What you are asked to do:
Of all the lines in these entries, count those that contain "Coffee" and give only the total.
Extracted records section start
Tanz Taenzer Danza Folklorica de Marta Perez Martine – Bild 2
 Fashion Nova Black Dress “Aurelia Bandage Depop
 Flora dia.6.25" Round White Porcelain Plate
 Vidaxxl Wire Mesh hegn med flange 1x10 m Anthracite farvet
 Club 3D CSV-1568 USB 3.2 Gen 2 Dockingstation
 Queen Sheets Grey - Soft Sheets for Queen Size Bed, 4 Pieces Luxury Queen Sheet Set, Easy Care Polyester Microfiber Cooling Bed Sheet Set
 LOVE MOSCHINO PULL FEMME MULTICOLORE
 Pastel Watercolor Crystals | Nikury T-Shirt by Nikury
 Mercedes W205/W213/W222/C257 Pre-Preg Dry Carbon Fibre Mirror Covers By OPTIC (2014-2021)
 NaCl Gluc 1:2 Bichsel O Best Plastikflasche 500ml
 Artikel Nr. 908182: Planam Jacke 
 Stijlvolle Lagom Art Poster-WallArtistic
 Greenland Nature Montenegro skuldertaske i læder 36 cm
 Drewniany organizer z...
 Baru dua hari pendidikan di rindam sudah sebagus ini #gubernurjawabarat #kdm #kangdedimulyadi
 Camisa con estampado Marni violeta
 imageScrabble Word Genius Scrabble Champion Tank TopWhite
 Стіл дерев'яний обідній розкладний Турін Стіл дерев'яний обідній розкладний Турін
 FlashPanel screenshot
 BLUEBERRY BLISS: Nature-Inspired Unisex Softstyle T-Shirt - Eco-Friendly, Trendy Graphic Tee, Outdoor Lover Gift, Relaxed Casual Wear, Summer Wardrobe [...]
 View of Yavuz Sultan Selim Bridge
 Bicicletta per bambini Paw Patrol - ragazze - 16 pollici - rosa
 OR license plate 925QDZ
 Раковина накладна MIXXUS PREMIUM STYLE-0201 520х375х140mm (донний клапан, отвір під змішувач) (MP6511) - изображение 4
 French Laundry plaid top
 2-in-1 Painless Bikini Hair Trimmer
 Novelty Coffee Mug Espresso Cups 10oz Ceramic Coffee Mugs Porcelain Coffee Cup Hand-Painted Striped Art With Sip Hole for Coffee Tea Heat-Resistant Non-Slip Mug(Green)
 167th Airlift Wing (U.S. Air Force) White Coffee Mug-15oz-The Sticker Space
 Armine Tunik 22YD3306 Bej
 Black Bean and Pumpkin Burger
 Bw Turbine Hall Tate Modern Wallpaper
Extracted records section end
Output of the task:
2